* What the task requires *
Entries follow. Set all of them down as they stand.

* Dataset records *
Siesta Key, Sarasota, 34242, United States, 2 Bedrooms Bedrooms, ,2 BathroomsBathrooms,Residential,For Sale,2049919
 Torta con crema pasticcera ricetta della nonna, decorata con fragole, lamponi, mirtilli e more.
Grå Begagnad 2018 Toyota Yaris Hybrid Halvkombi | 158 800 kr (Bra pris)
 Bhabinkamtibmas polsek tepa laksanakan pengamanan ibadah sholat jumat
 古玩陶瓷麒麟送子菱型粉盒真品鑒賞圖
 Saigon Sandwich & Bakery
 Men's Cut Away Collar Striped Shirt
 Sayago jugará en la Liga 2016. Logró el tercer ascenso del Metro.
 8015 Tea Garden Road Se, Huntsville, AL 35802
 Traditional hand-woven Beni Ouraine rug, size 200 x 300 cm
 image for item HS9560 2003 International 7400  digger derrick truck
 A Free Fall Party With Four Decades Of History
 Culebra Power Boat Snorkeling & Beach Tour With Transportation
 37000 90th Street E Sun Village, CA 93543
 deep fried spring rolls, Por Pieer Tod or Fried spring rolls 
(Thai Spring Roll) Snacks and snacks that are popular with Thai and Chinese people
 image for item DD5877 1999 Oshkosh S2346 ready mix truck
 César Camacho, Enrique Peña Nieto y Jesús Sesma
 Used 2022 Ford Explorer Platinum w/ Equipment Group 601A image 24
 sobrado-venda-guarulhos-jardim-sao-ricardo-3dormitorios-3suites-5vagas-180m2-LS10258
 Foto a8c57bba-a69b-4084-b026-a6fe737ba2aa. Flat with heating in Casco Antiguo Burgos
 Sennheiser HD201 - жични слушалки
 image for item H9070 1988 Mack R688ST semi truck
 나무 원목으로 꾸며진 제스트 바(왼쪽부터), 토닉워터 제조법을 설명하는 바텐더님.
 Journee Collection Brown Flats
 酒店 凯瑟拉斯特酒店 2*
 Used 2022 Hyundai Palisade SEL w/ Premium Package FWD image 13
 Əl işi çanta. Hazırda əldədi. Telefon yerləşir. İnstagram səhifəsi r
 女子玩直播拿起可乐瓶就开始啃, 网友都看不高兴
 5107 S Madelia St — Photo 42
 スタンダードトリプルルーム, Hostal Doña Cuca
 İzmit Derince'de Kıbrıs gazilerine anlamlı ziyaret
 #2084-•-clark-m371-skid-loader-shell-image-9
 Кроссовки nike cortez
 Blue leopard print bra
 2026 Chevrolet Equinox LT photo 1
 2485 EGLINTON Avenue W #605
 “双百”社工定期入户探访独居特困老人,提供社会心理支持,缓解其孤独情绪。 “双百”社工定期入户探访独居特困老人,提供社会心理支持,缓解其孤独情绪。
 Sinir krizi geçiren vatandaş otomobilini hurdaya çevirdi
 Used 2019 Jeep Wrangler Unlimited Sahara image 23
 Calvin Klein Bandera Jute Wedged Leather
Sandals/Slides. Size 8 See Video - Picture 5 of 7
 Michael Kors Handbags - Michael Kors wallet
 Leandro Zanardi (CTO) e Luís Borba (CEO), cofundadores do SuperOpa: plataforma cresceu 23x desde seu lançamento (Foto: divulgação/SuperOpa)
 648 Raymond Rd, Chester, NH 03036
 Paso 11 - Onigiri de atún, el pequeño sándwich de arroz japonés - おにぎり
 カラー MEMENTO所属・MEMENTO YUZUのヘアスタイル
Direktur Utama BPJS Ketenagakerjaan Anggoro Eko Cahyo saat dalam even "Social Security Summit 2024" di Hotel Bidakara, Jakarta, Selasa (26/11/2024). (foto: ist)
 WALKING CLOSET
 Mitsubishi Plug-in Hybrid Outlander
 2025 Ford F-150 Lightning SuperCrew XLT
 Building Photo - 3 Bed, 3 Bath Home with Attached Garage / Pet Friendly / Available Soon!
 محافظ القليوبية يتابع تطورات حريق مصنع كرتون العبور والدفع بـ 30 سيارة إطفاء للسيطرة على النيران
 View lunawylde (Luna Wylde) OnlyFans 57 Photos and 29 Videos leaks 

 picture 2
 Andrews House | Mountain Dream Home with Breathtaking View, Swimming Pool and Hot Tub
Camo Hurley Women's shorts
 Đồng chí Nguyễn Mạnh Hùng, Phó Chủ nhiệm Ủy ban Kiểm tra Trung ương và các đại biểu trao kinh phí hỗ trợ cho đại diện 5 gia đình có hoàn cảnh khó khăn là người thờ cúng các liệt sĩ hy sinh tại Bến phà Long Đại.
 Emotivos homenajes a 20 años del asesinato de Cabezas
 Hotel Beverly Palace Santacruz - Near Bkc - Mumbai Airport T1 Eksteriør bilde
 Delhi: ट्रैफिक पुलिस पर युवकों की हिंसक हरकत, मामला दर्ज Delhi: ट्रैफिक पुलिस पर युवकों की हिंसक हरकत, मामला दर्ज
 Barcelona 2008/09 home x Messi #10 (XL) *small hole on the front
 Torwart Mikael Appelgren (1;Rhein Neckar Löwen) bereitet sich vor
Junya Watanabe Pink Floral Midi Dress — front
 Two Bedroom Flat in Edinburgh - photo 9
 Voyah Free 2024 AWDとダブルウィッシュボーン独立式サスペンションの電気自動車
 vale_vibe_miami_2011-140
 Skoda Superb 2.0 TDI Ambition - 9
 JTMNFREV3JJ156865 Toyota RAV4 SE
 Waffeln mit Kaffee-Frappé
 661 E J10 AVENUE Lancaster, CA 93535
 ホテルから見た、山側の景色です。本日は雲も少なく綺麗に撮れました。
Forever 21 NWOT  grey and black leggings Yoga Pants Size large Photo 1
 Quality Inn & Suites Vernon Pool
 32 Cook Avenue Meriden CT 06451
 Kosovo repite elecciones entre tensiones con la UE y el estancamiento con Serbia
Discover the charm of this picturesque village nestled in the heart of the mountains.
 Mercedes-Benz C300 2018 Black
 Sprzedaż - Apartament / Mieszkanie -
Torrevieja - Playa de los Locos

* Response area *
Siesta Key, Sarasota, 34242, United States, 2 Bedrooms Bedrooms, ,2 BathroomsBathrooms,Residential,For Sale,2049919
 Torta con crema pasticcera ricetta della nonna, decorata con fragole, lamponi, mirtilli e more.
Grå Begagnad 2018 Toyota Yaris Hybrid Halvkombi | 158 800 kr (Bra pris)
 Bhabinkamtibmas polsek tepa laksanakan pengamanan ibadah sholat jumat
 古玩陶瓷麒麟送子菱型粉盒真品鑒賞圖
 Saigon Sandwich & Bakery
 Men's Cut Away Collar Striped Shirt
 Sayago jugará en la Liga 2016. Logró el tercer ascenso del Metro.
 8015 Tea Garden Road Se, Huntsville, AL 35802
 Traditional hand-woven Beni Ouraine rug, size 200 x 300 cm
 image for item HS9560 2003 International 7400  digger derrick truck
 A Free Fall Party With Four Decades Of History
 Culebra Power Boat Snorkeling & Beach Tour With Transportation
 37000 90th Street E Sun Village, CA 93543
 deep fried spring rolls, Por Pieer Tod or Fried spring rolls 
(Thai Spring Roll) Snacks and snacks that are popular with Thai and Chinese people
 image for item DD5877 1999 Oshkosh S2346 ready mix truck
 César Camacho, Enrique Peña Nieto y Jesús Sesma
 Used 2022 Ford Explorer Platinum w/ Equipment Group 601A image 24
 sobrado-venda-guarulhos-jardim-sao-ricardo-3dormitorios-3suites-5vagas-180m2-LS10258
 Foto a8c57bba-a69b-4084-b026-a6fe737ba2aa. Flat with heating in Casco Antiguo Burgos
 Sennheiser HD201 - жични слушалки
 image for item H9070 1988 Mack R688ST semi truck
 나무 원목으로 꾸며진 제스트 바(왼쪽부터), 토닉워터 제조법을 설명하는 바텐더님.
 Journee Collection Brown Flats
 酒店 凯瑟拉斯特酒店 2*
 Used 2022 Hyundai Palisade SEL w/ Premium Package FWD image 13
 Əl işi çanta. Hazırda əldədi. Telefon yerləşir. İnstagram səhifəsi r
 女子玩直播拿起可乐瓶就开始啃, 网友都看不高兴
 5107 S Madelia St — Photo 42
 スタンダードトリプルルーム, Hostal Doña Cuca
 İzmit Derince'de Kıbrıs gazilerine anlamlı ziyaret
 #2084-•-clark-m371-skid-loader-shell-image-9
 Кроссовки nike cortez
 Blue leopard print bra
 2026 Chevrolet Equinox LT photo 1
 2485 EGLINTON Avenue W #605
 “双百”社工定期入户探访独居特困老人,提供社会心理支持,缓解其孤独情绪。 “双百”社工定期入户探访独居特困老人,提供社会心理支持,缓解其孤独情绪。
 Sinir krizi geçiren vatandaş otomobilini hurdaya çevirdi
 Used 2019 Jeep Wrangler Unlimited Sahara image 23
 Calvin Klein Bandera Jute Wedged Leather
Sandals/Slides. Size 8 See Video - Picture 5 of 7
 Michael Kors Handbags - Michael Kors wallet
 Leandro Zanardi (CTO) e Luís Borba (CEO), cofundadores do SuperOpa: plataforma cresceu 23x desde seu lançamento (Foto: divulgação/SuperOpa)
 648 Raymond Rd, Chester, NH 03036
 Paso 11 - Onigiri de atún, el pequeño sándwich de arroz japonés - おにぎり
 カラー MEMENTO所属・MEMENTO YUZUのヘアスタイル
Direktur Utama BPJS Ketenagakerjaan Anggoro Eko Cahyo saat dalam even "Social Security Summit 2024" di Hotel Bidakara, Jakarta, Selasa (26/11/2024). (foto: ist)
 WALKING CLOSET
 Mitsubishi Plug-in Hybrid Outlander
 2025 Ford F-150 Lightning SuperCrew XLT
 Building Photo - 3 Bed, 3 Bath Home with Attached Garage / Pet Friendly / Available Soon!
 محافظ القليوبية يتابع تطورات حريق مصنع كرتون العبور والدفع بـ 30 سيارة إطفاء للسيطرة على النيران
 View lunawylde (Luna Wylde) OnlyFans 57 Photos and 29 Videos leaks 

 picture 2
 Andrews House | Mountain Dream Home with Breathtaking View, Swimming Pool and Hot Tub
Camo Hurley Women's shorts
 Đồng chí Nguyễn Mạnh Hùng, Phó Chủ nhiệm Ủy ban Kiểm tra Trung ương và các đại biểu trao kinh phí hỗ trợ cho đại diện 5 gia đình có hoàn cảnh khó khăn là người thờ cúng các liệt sĩ hy sinh tại Bến phà Long Đại.
 Emotivos homenajes a 20 años del asesinato de Cabezas
 Hotel Beverly Palace Santacruz - Near Bkc - Mumbai Airport T1 Eksteriør bilde
 Delhi: ट्रैफिक पुलिस पर युवकों की हिंसक हरकत, मामला दर्ज Delhi: ट्रैफिक पुलिस पर युवकों की हिंसक हरकत, मामला दर्ज
 Barcelona 2008/09 home x Messi #10 (XL) *small hole on the front
 Torwart Mikael Appelgren (1;Rhein Neckar Löwen) bereitet sich vor
Junya Watanabe Pink Floral Midi Dress — front
 Two Bedroom Flat in Edinburgh - photo 9
 Voyah Free 2024 AWDとダブルウィッシュボーン独立式サスペンションの電気自動車
 vale_vibe_miami_2011-140
 Skoda Superb 2.0 TDI Ambition - 9
 JTMNFREV3JJ156865 Toyota RAV4 SE
 Waffeln mit Kaffee-Frappé
 661 E J10 AVENUE Lancaster, CA 93535
 ホテルから見た、山側の景色です。本日は雲も少なく綺麗に撮れました。
Forever 21 NWOT  grey and black leggings Yoga Pants Size large Photo 1
 Quality Inn & Suites Vernon Pool
 32 Cook Avenue Meriden CT 06451
 Kosovo repite elecciones entre tensiones con la UE y el estancamiento con Serbia
Discover the charm of this picturesque village nestled in the heart of the mountains.
 Mercedes-Benz C300 2018 Black
 Sprzedaż - Apartament / Mieszkanie -
Torrevieja - Playa de los Locos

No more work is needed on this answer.